A QLR test for a break in the distributed lag regression of column (1) in Table @ref{tab:deoafddotpooj} with $15\%$ trimming using a HAC variance-covariance matrix estimate supports the conjecture that the population regression coefficients have changed over time.

# set up a range of possible break dates
tau <- c(window(time(FDD), 
                time(FDD)[round(612/100*15)], 
                time(FDD)[round(612/100*85)]))

# initialize the vector of F-statistics
Fstats <- numeric(length(tau))

# the restricted model
res_model <- dynlm(FOJC_pctc ~ L(FDD, 0:18))

# estimation, loop over break dates
for(i in 1:length(tau)) {
  
  # set up dummy variable
  D <- time(FOJC_pctc) > tau[i]
  
  # estimate DL model with intercations
  unres_model <- dynlm(FOJC_pctc ~ D * L(FDD, 0:18))
                 
  # compute and save F-statistic
  Fstats[i] <- waldtest(res_model, 
                        unres_model, 
                        vcov = NeweyWest(unres_model, lag = 7, prewhite = F))$F[2]
    
}

Note that this code takes a couple of seconds to run since a total of length(tau) regressions with $40$ model coefficients each are estimated.

# QLR test statistic
max(Fstats)

## [1] 36.76819

The QLR statistic is $36.77$ . From Table 14.5 of the book we see that the $1\%$ critical value for the QLR test with $15\%$ trimming and $q=20$ restrictions is $2.43$ . Since this is a right-sided test, the QLR statistic clearly lies in the region of rejection so we can discard the null hypothesis of no break in the population regression function.
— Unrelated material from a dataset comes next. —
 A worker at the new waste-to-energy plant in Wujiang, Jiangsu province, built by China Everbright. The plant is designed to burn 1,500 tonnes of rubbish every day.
See Chapter 15.7 of the book for a discussion of empirical examples where it is questionable whether the assumption of (past and present) exogeneity of the regressors is plausible.

Summary

We have seen how R can be used to estimate the time path of the effect on $Y$ of a change in $X$ (the dynamic causal effect on $Y$ of a change in $X$ ) using time series data on both. The corresponding model is called the distributed lag model. Distributed lag models are conveniently estimated using the function dynlm() from the package dynlm.
The regression error in distributed lag models is often serially correlated such that standard errors which are robust to heteroskedasticity and autocorrelation should be used to obtain valid inference. The package sandwich provides functions for computation of so-called HAC covariance matrix estimators, for example vcovHAC() and NeweyWest().
When $X$ is strictly exogeneous, more efficient estimates can be obtained using an ADL model or by GLS estimation. Feasible GLS algorithms can be found in the R packages orcutt and nlme. Chapter 15.7 of the book emphasizes that the assumption of strict exogeneity is often implausible in empirical applications.